● **AIM OF THE EXERCISE**:
Would you return, word for word, the lines of the data below from the line with "181 Sunbury Drive, Fredericton" through the line with "Il Baglio Di", and no others?

● **SUPPLIED MATERIAL**:
--- START ---

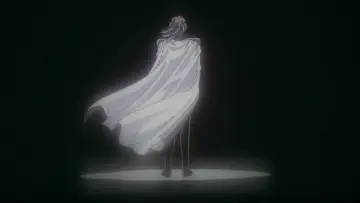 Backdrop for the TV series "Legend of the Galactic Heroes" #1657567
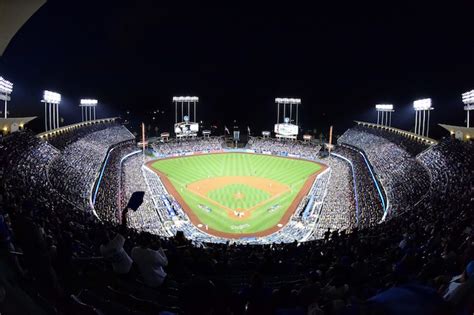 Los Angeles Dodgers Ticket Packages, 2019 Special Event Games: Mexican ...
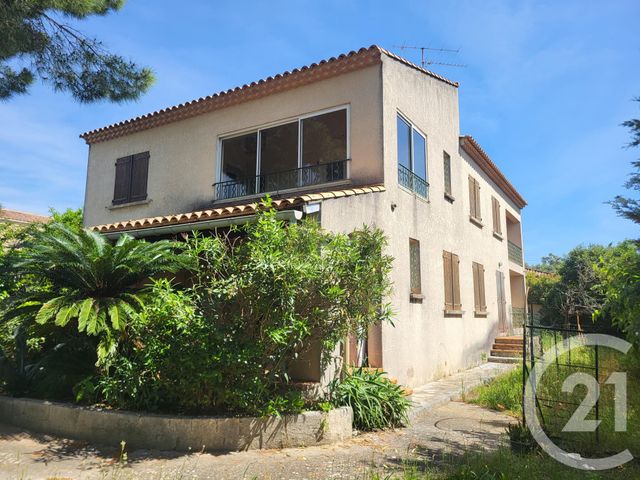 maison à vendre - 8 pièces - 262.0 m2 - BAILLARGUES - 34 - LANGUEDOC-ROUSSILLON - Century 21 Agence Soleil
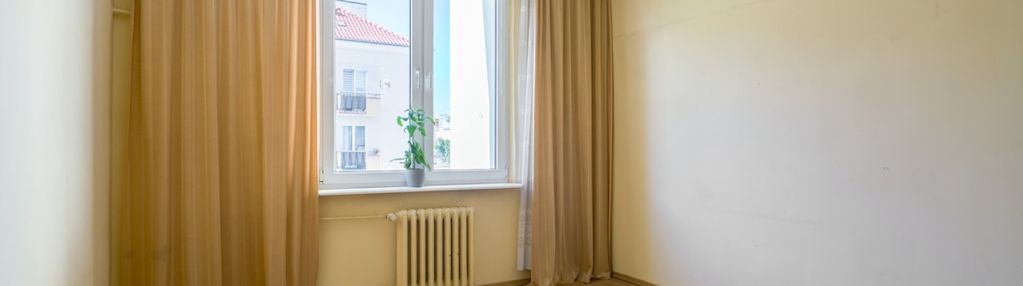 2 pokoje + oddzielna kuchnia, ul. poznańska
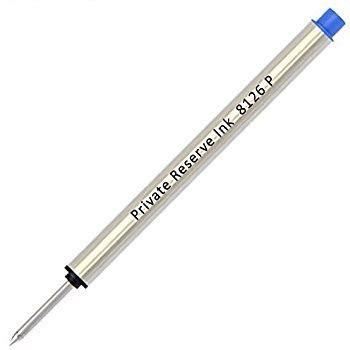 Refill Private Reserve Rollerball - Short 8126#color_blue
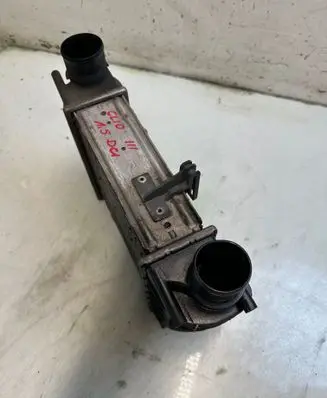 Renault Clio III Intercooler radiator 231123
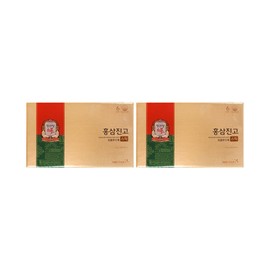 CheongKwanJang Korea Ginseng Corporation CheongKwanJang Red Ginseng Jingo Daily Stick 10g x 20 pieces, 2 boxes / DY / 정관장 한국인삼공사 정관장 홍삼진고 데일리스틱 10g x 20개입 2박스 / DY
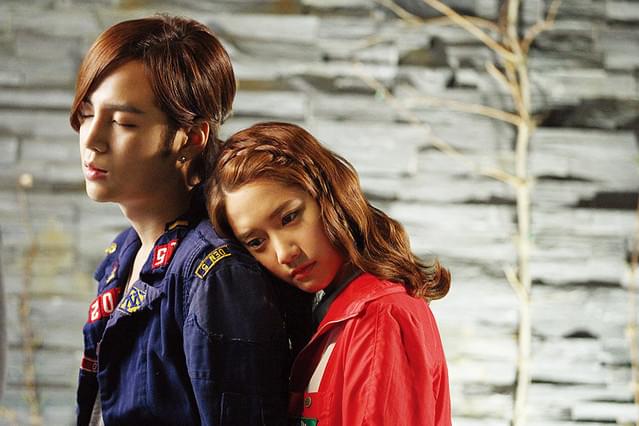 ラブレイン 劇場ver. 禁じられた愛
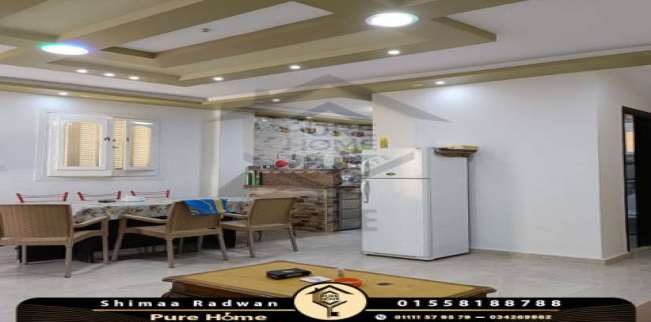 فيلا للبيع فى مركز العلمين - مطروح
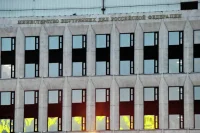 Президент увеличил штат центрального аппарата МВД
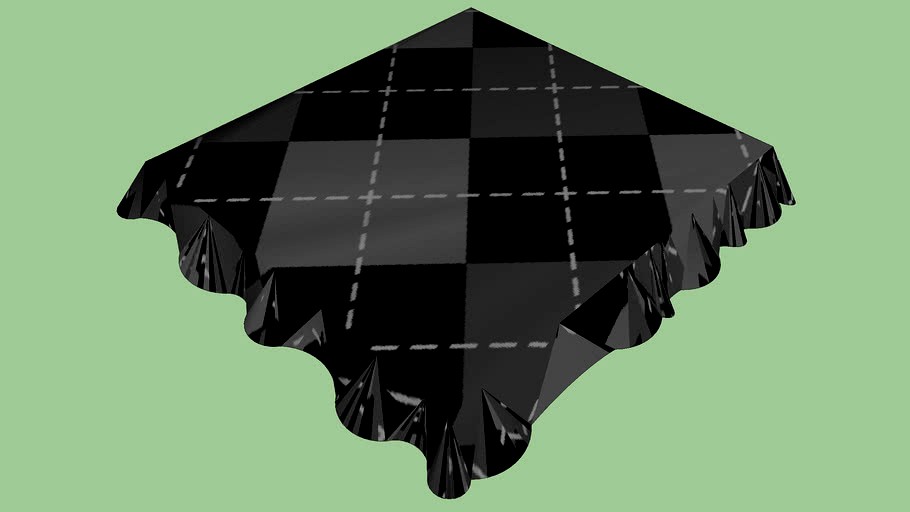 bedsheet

--- END ---
--- START ---

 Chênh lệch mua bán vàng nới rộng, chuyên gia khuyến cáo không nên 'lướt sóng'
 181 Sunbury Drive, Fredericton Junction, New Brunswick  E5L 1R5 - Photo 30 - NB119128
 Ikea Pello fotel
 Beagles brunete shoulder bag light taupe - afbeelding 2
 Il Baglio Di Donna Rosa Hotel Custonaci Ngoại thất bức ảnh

--- END ---

● **SOLVED EXERCISE**:
 181 Sunbury Drive, Fredericton Junction, New Brunswick  E5L 1R5 - Photo 30 - NB119128
 Ikea Pello fotel
 Beagles brunete shoulder bag light taupe - afbeelding 2
 Il Baglio Di Donna Rosa Hotel Custonaci Ngoại thất bức ảnh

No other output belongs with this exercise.